Выбрать главу

От автора

Здравствуйте, дорогие читатели! Перед вами первый том романа «Багорт». Это мое дебютное произведение и я благодарна Вам за то, что вы обратили на него внимание.

Так же я хочу выразит благодарность тем людям, которые поддерживали меня в моем начинании: моему мужу Роману и подругам: Марианне, Наталье и Соне. Цените друзей и родных, с их помощью невозможное становиться возможным).

Приятного чтения).

Пролог

Когда на утомленный весенней моросью Петербург спускались влажные сумерки, Петр Кузьмич уже предвкушал томный вечер наедине со шкаликом, еще накануне припрятанным в остекленевший сугроб. Но мечтаниям его не суждено было сбыться.

Все началось, когда его взору открылась престранная картина. На вверенной ему территории, а именно на территории детского дома № 14, что на Съезжинской улице, прямо посреди газона, из звенящего капелями воздуха – то есть откуда ни возьмись, образовался странный тип.

Одет он был в столь чудной костюм, что Петер Кузьмич решил, будто тот сбежал прямиком с театральных подмостков.

Завидев колоритную фигуру Петра Кузьмича, наглый тип направился прямиком к нему. Лучезарно улыбаясь, он принялся лепетать что-то на непонятном языке, протягивая огромную корзину, из которой во все стороны торчали белые кружавчики.

Растерявшийся Петр Кузьмич, зачем-то принял корзину и уже собирался объяснить чудаковатому гражданину, что ни бельмеса не понял, как тот радостно замахал ему рукой, отступая к тому месту откуда возник. А затем также бесцеремонно исчез, как и появился.

Цепенея, Петр Кузьмич подумал, что с ним случился очередной приступ белочки. Но происходящее не было навязчивой галлюцинацией. Тяжелая корзина, набитая тряпками, никак не желала рассеиваться. Тогда он приподнял белоснежные тряпицы и ахнул.

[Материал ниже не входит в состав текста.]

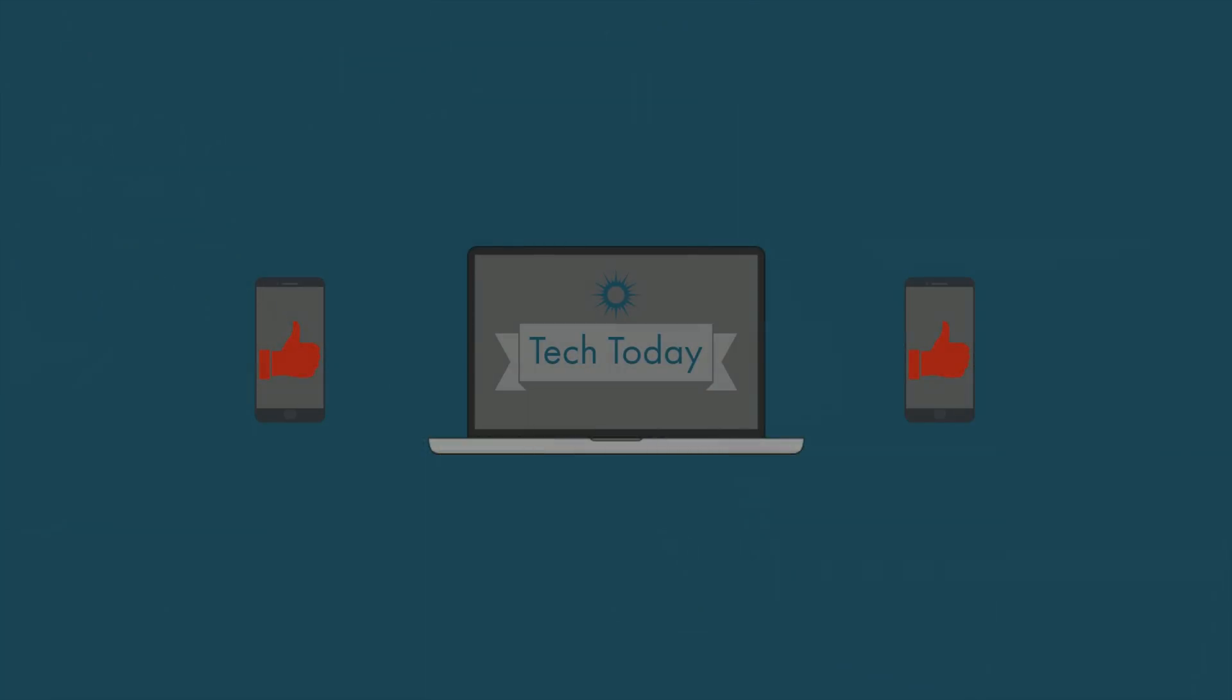Thank you guys for watching Tech Today. I hope you enjoyed the video. Consider hitting the like button and subscribing. Have a good day.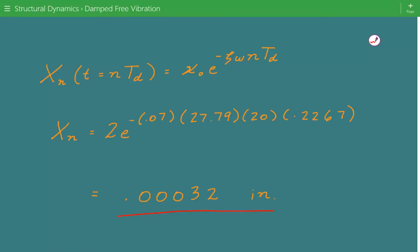That's the end of this example. Please subscribe to the channel and visit our website at engineeringexamples.net to sign up for email updates on the latest content. Also like our Facebook page at facebook.com/engineeringexamples. Thanks.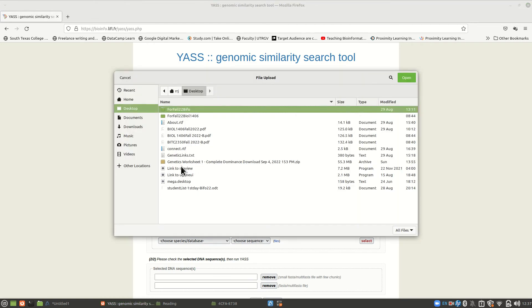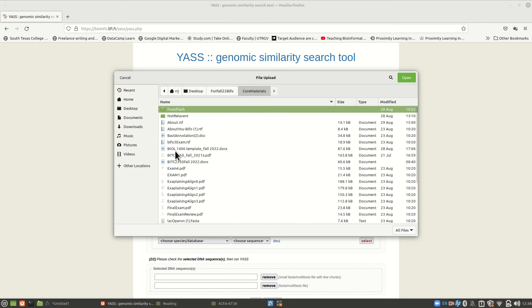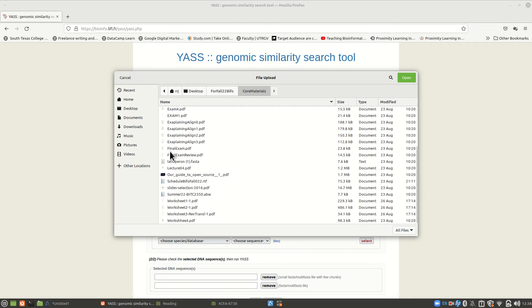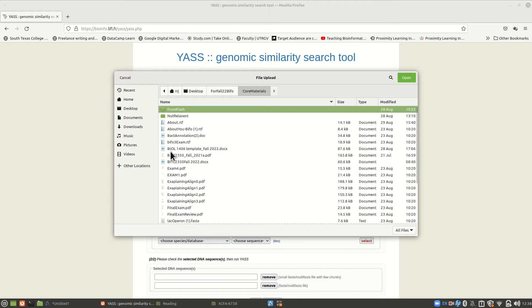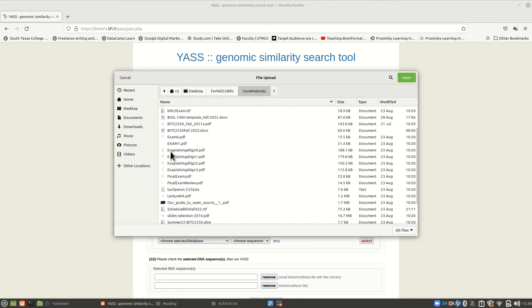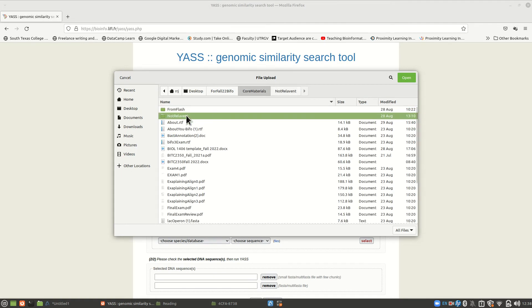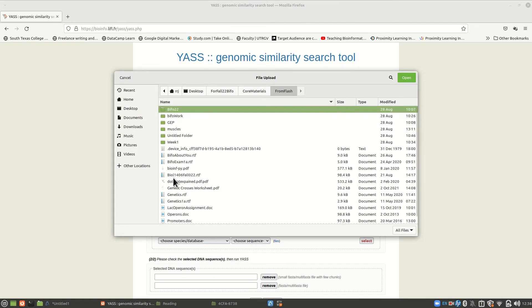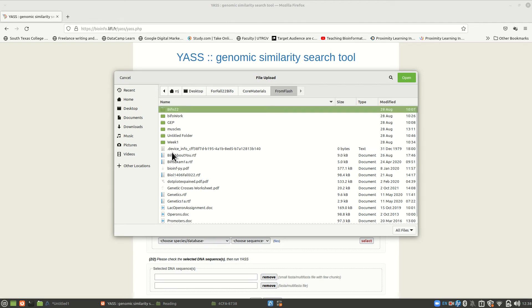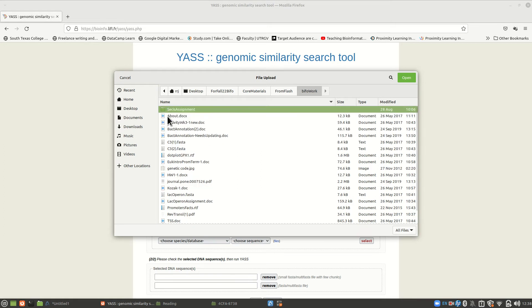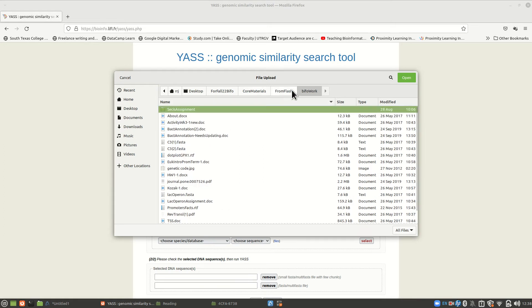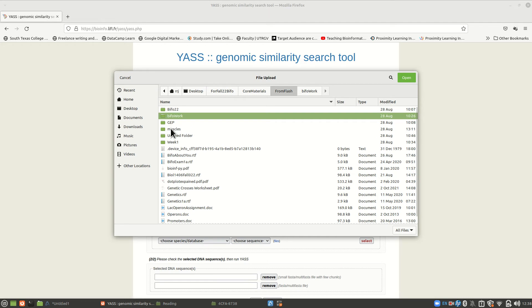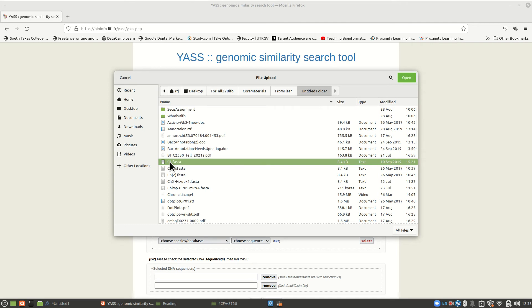So we have FASTA files. Let's browse and find our FASTA files. Let's see. Where did we put them? Oh, I'm on a different machine now. But I can find some FASTA files here. Let's find a FASTA.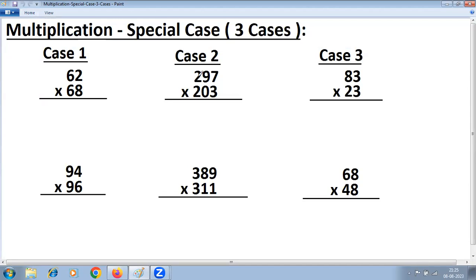Case 2 is where the digit at the hundreds place is the same and the sum of digits at the tens and units place is 100. For example, 97 plus 3 is 100. Whereas Case 3 is where the digit at the units place is the same and the sum of digits at the tens place is 10.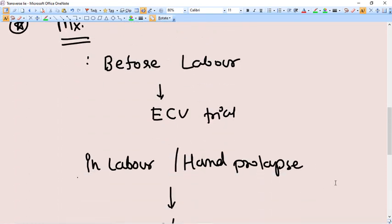What is the management? If the patient comes to you before starting of labor, or you already know that it is a transverse lie diagnosed before labor, you can attempt external cephalic version with precautions.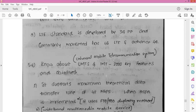The technology described in UMTS is sometimes also called Freedom of Mobile Multimedia Access (FOMA), or 3GSM, because it is a standard based on third generation GSM. UMTS requires new base stations and new frequency allocations, unlike GSM and CDMA 2000.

На Петра Кузьмича взирали две пары чистых, незамутненных жизненным опытом глаз; зеленых и серых. Мальчику на вид было чуть больше года, а зеленоглазая девочка оказалась новорожденной крошкой.

К очаровательным малышам прилагались две карточки со странными каракулями и конвертик, в котором приятно позвякивали блестящие тяжелые кругляшки.

– Да, нарисовались, не сотрешь, – философски заметил Петр Кузьмич и вместе со своей ношей направился прямиком в убогонькое здание интерната, предварительно сунув в карман конвертик.

Глава 1

Чудной иностранец.

Дея всем своим юным сердцем тянулась к миру прекрасного и, по иронии судьбы, не доступного ее карману, а именно к живописи. Она частенько бывала на Невском, разглядывала выставленные на продажу картины. Торговцы, безошибочно распознавая в девушке несостоятельного покупателя, у которого денег не хватило бы и на подрамник, нещадно гоняли ее. Но Дея приходила снова и снова, влекомая этим загадочным, потусторонним миром – миром, что скрывался за обманчивой плотностью холста.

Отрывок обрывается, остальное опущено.